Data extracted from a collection
┄┄┄┄┄┄┄┄┄┄

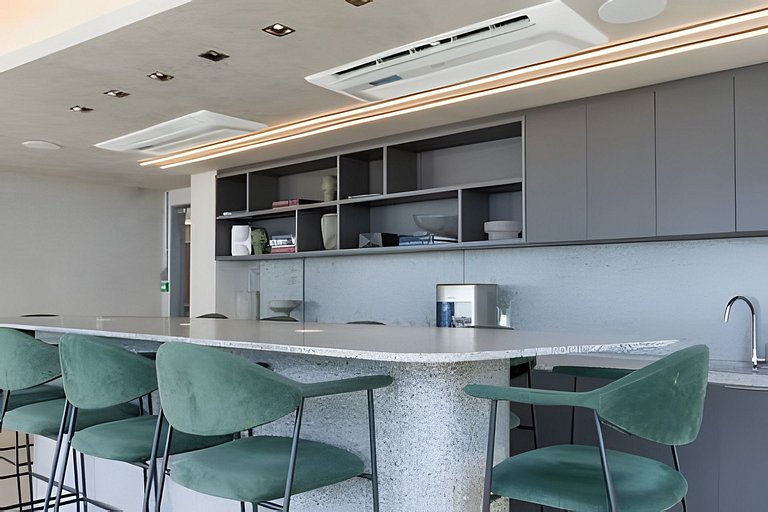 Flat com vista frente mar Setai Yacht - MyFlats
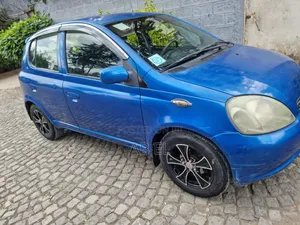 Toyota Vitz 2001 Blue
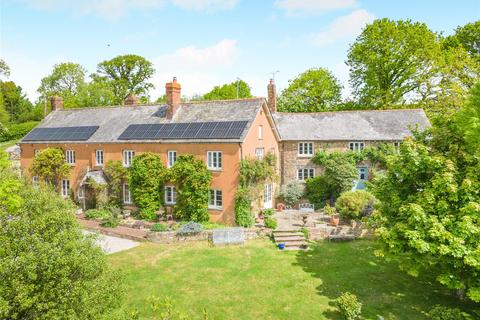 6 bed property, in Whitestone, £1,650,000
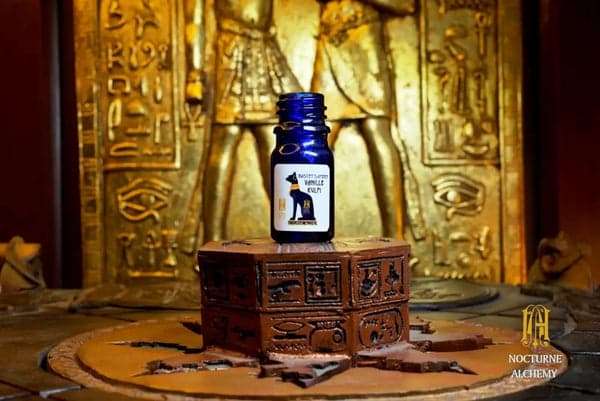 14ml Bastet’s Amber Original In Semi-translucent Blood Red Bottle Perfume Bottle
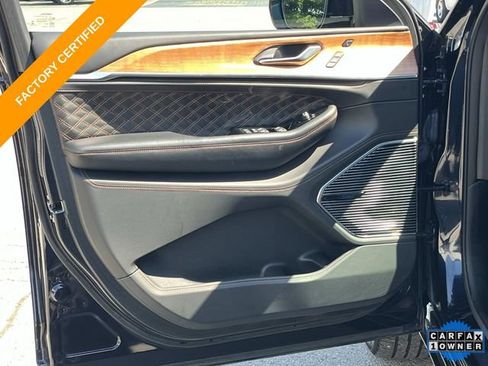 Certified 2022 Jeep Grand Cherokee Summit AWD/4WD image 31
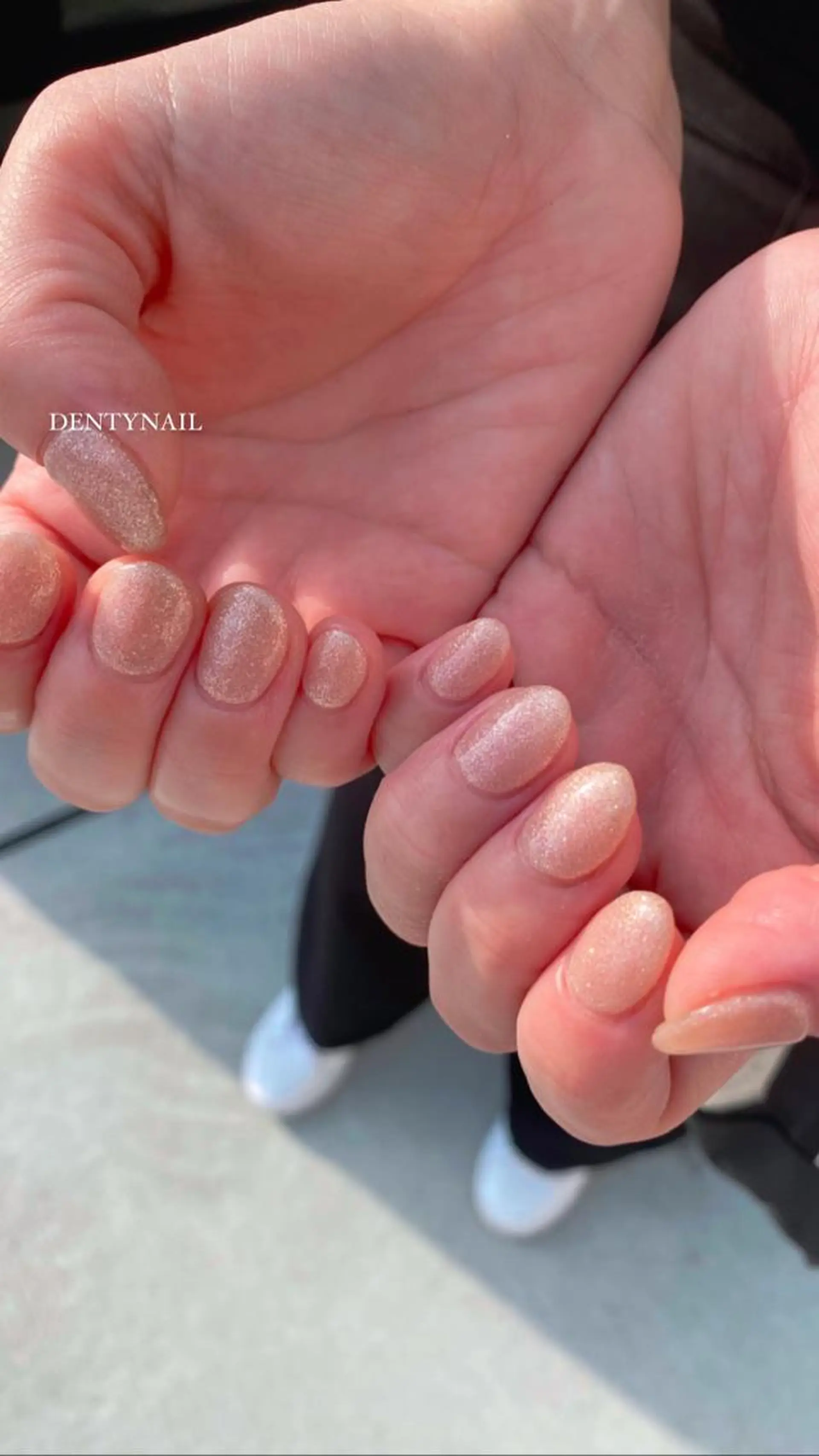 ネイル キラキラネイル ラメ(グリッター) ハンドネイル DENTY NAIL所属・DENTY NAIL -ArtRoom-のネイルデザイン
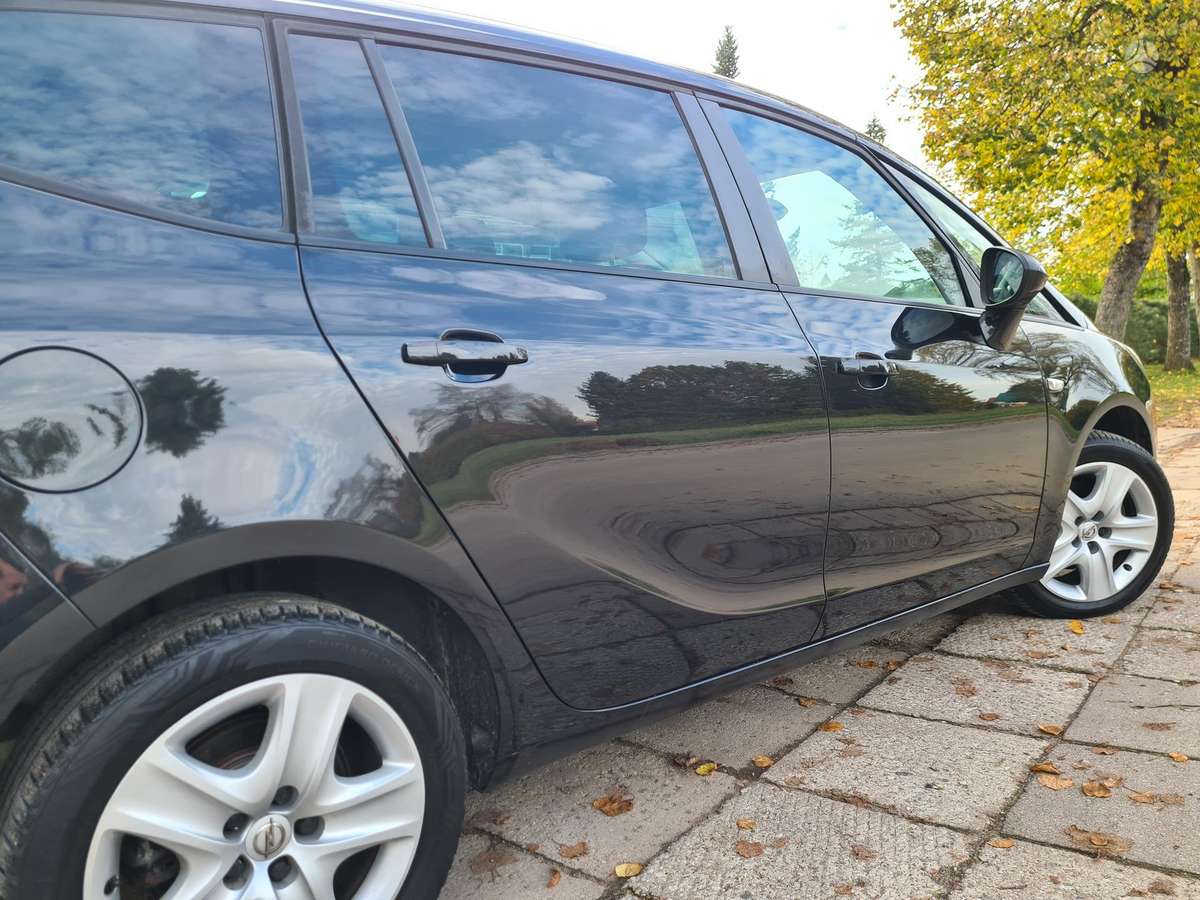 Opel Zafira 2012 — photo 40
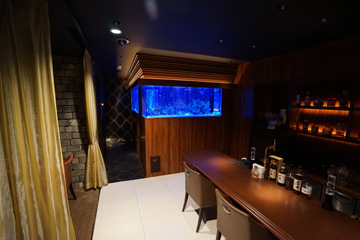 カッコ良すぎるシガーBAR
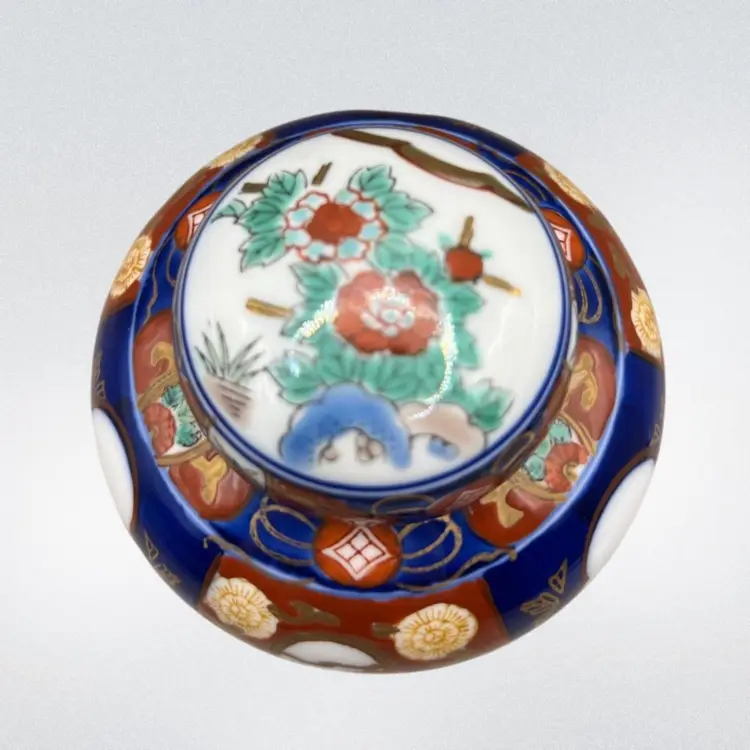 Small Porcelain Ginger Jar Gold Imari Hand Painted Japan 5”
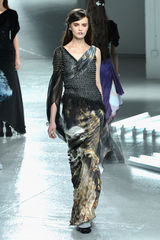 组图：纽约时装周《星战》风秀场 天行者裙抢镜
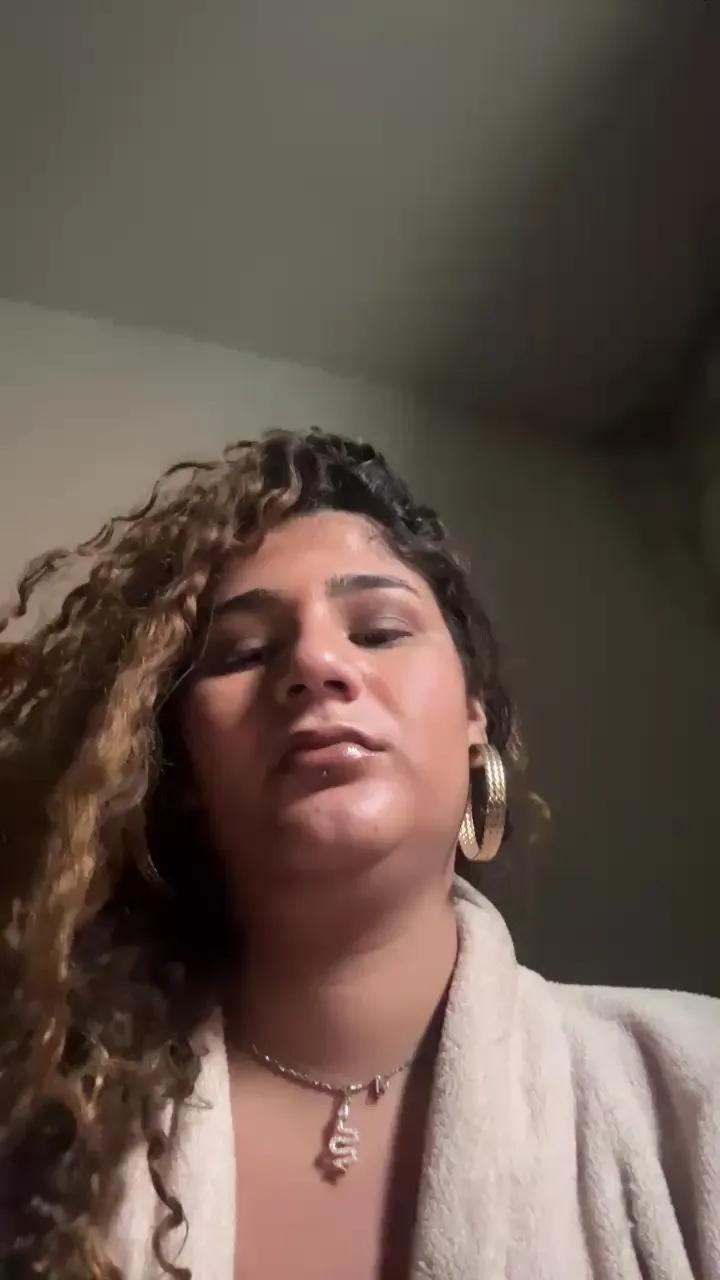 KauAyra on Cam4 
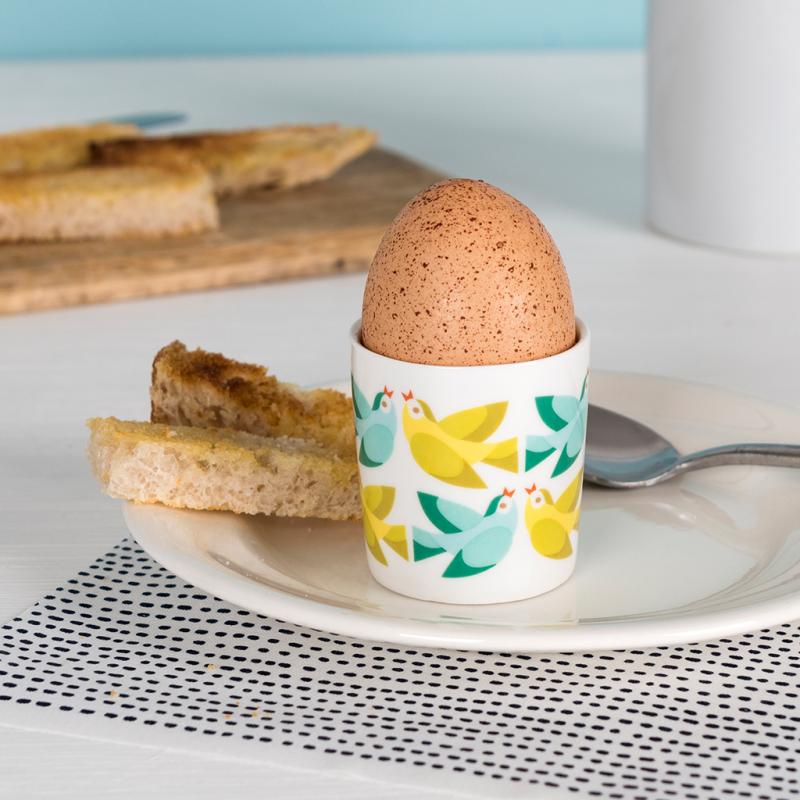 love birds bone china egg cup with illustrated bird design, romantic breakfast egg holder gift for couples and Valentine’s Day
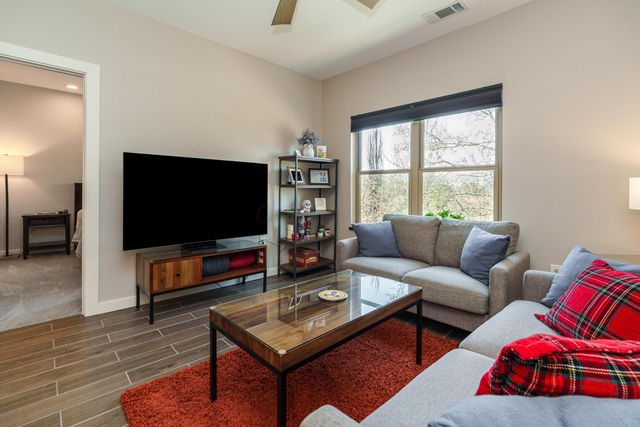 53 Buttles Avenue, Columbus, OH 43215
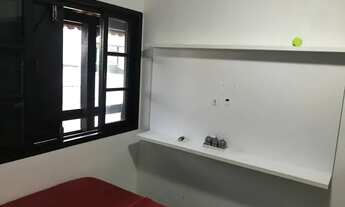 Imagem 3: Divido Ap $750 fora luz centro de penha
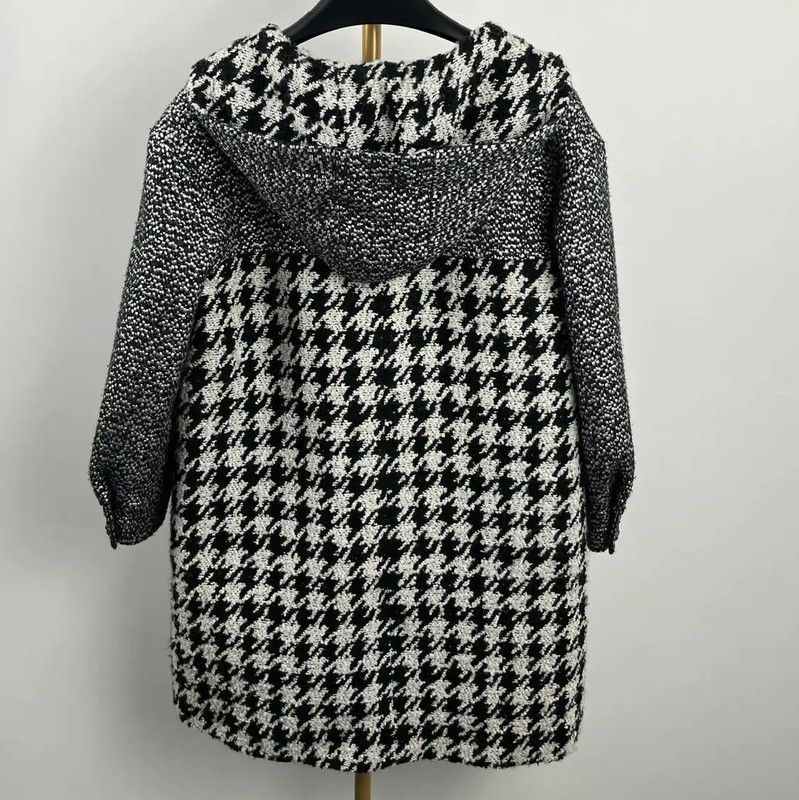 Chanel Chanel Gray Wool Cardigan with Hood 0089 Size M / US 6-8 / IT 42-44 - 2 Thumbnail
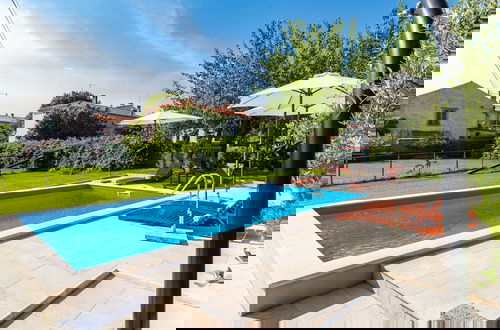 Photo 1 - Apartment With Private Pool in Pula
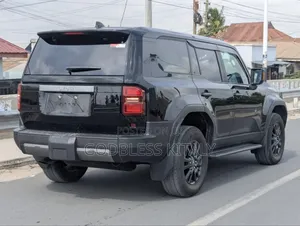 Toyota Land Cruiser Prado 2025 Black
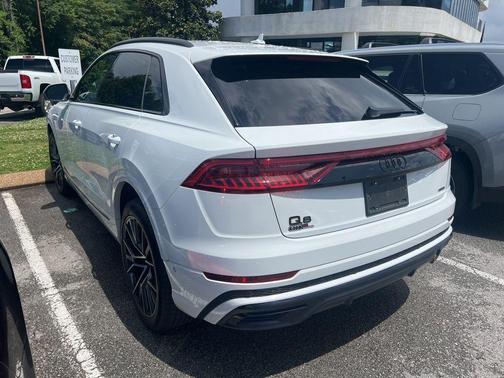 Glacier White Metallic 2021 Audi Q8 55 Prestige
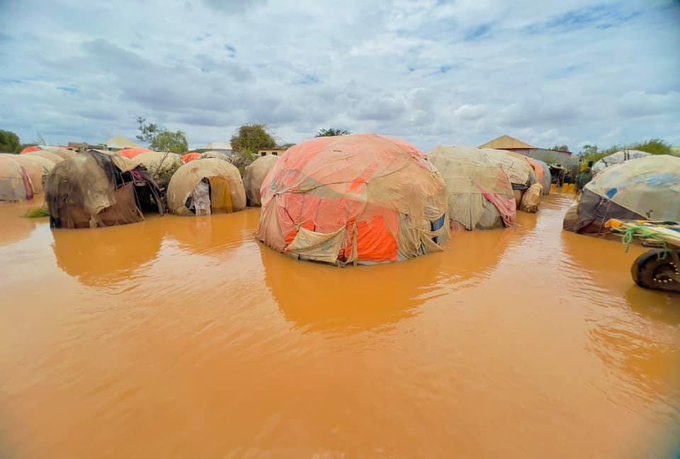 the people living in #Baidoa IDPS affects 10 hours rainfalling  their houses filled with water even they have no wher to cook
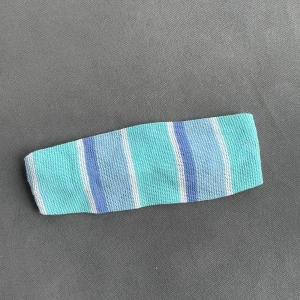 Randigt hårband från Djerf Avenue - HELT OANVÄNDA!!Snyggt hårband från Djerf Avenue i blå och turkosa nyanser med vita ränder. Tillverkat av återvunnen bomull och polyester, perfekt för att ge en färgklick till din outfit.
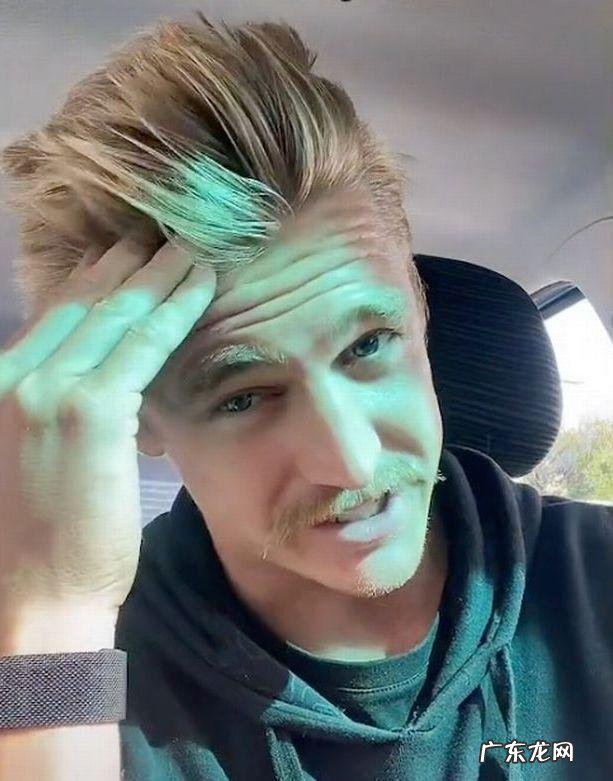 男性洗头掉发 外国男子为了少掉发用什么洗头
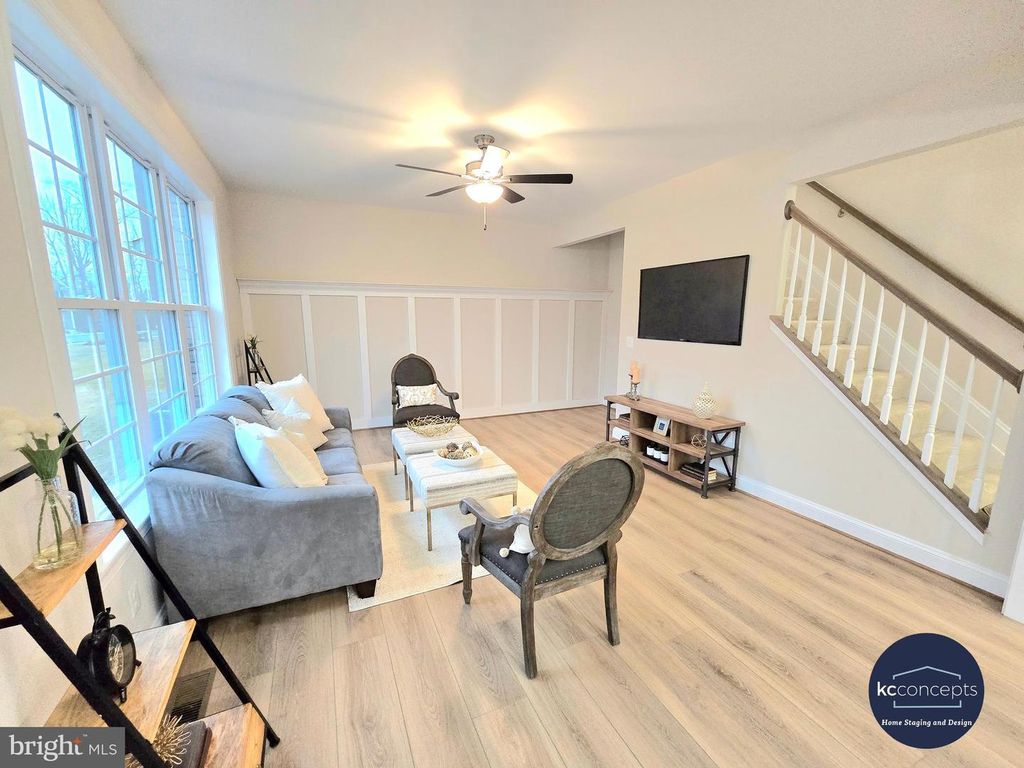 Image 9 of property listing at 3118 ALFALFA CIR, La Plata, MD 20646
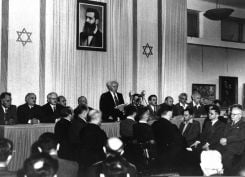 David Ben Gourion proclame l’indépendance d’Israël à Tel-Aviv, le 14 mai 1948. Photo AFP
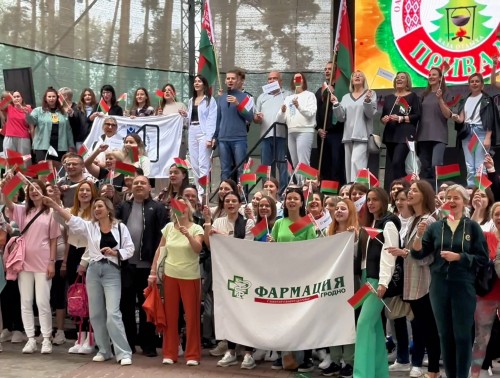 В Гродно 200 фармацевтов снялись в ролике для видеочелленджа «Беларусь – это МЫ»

┄┄┄┄┄┄┄┄┄┄

=== Activity ===
Could you write out, word for word, the lines from the one containing "David Ben Gourion" through the last line of the records, leaving out the pictures?

=== Result of the exercise ===
 David Ben Gourion proclame l’indépendance d’Israël à Tel-Aviv, le 14 mai 1948. Photo AFP
 В Гродно 200 фармацевтов снялись в ролике для видеочелленджа «Беларусь – это МЫ»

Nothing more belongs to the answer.